As a result, he says, efforts to
root them out, by closing mosques and the like, haven’t worked. And they won’t because this isn’t a local
problem: it is a regional or even countrywide one. But in the near term, “the Siberian region
will be shaken by ‘the Islamic factory’ and shaken very seriously.”
In some parts of the north, the FSB
officer says, up to 80 percent of the magistrates are now of Muslim
nationality; and none of them can be counted on to enforce the law in a serious
way. The Russians and Russian speakers who had occupied these posts have now
fled to other, neighboring regions.
Islamist radicals in his telling are
focusing on those industries and centers which they can exploit to attract more
of their fellow Muslims and build power centers. Asked if he favored going back to ethnic
quotas in these institutions, the KGB officer said that he “doesn’t know and
doesn’t have any algorithm to suggest.”
Tyumen religious specialist Viktor
Petrov adds that some of the Islamists are already calculating where they can
blow up pipelines to inflict maximum punishment on the Russian state. And he
showed Steshin a map he has prepared on “the expansion of religious Islamist
extremists in Siberia.”
First, Petrov says, “Sufis, who
profess traditional Islam, arrived, settled, strengthened their positions and
found common group with Siberians” and even set up graves of Sufi sheikhs as
pilgrimage sites. “But this was our
Islam, ‘native,’ Tatar.” But it was succeeded by others, Wahhabis and other
radicals who began talking about a Tyumen or even Siberian khalifate.

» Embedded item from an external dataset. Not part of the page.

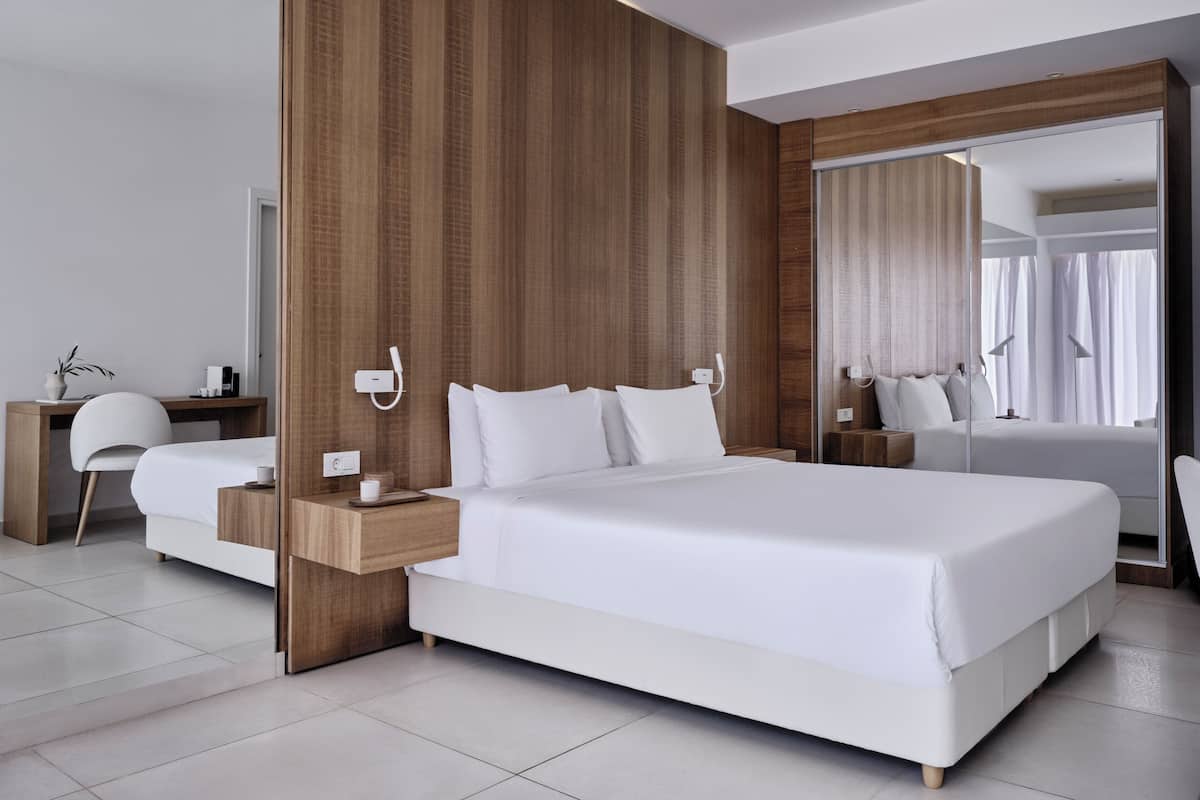 Une chambre d’hôtel moderne dotée d’un grand lit, d’un mur décoratif en bois, d’un bureau avec une chaise et d’un miroir.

Local and regional officials
understand the threat, he continues, and have adopted a law limiting missionary
activity. But in his view, this is far from enough given the radical goals of
the Islamists in the Russian North and the rapid influx of people from Central
Asia and the Caucasus into that region.
According to one local resident, the
number of such gastarbeiters has more than doubled since 1990 and continues to climb,
pushing out local Russians. And the radicals
find increasing numbers of recruits among them, according to one local imam who
said they had tried to take over his mosque but so far failed.
He added, however, that “even from
our little city, people are now studying in Morocco, but they don’t come back
[because] they are wanted under federal warrant.” Their departure lessens the
pressure in the region but highlights how many people are now listening to the
radicals and seeking alternative futures.

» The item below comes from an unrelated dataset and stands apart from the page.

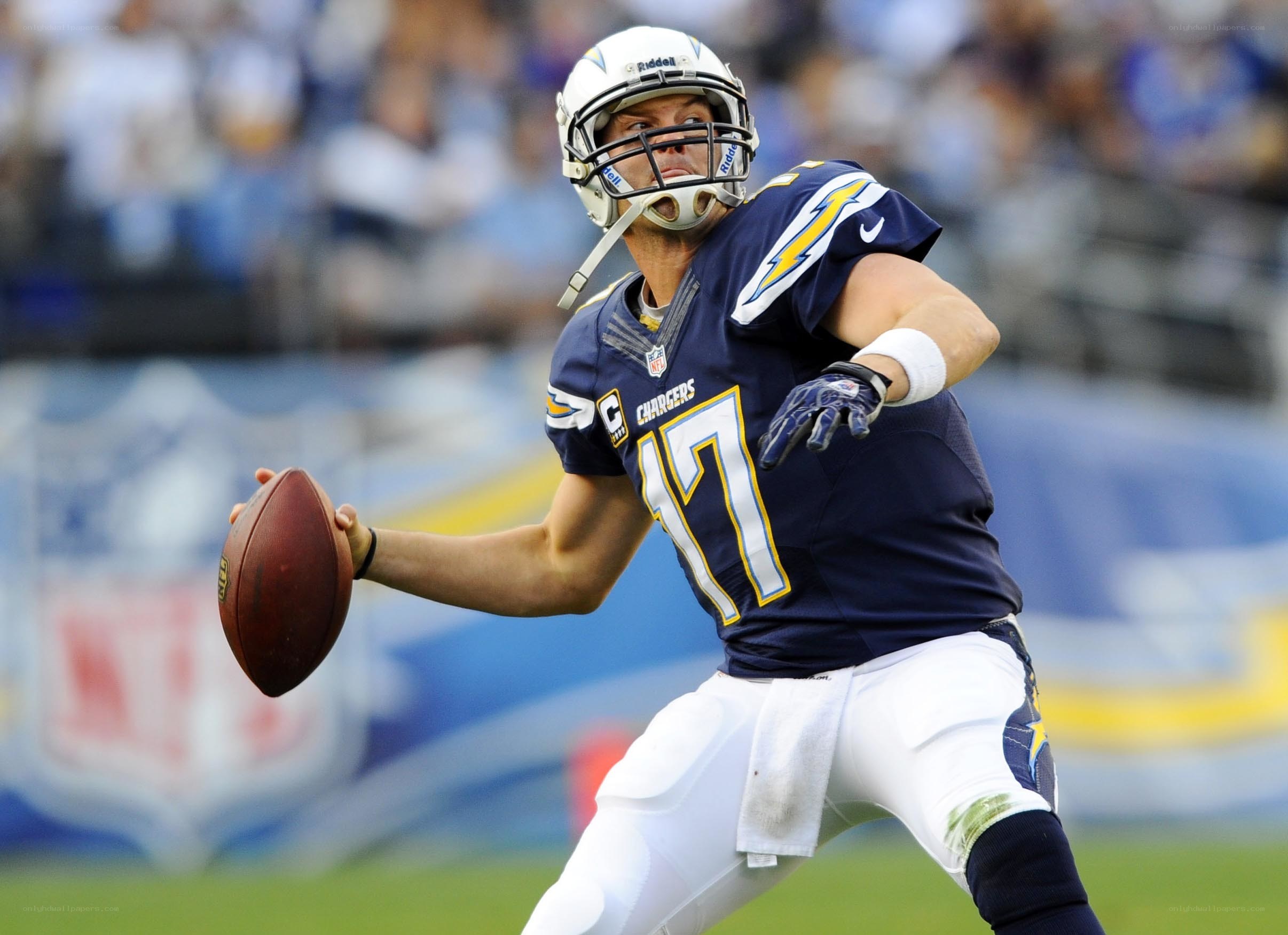 Chargers quarterback throwing ball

Vasily Markhinin, a political
scientist at Surgut University, says that the situation is deteriorating and
that “65 percent of the residents of Surgut see the inter-ethnic and
inter-religious situation as critical or close to critical” even though
officials continue to promote the notion that everything is fine.

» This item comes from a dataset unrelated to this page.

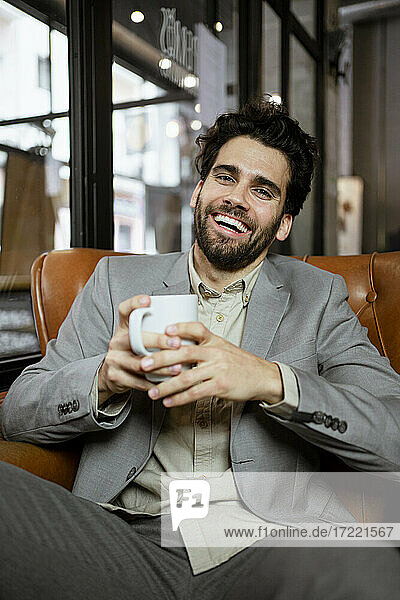 Cheerful businessman holding coffee cup while sitting in coffee shop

He adds that officials acknowledge
that 80 local Muslims were recruited by ISIS in 2015, but there are certainly
more about whom the authorities don’t know – and they are focusing on
penetrating officialdom and key infrastructure objects including pipelines and
highways so as to be able to attack the state in its most vulnerable places.
But back in Moscow, Steshin spoke
with Roman Silantyev, a controversial Islamic specialist closely linked to the
Orthodox Church. He says that if Muslims
go from the North to the Middle East, it will be “simpler to liquidate them.”
But he argues that the situation now is not as bad as it was because the
authorities have come down hard on the radicals.
Silantyev adds that he always tells
local officials and law enforcement personnel that “you must know by name every
Wahhabi and fascist on your territory and use all legal means to minimize their
number.” Some will find that reassuring,
but others will be frightened by its suggestion that the Islamists are everywhere
in Russia,including where they’d never been before.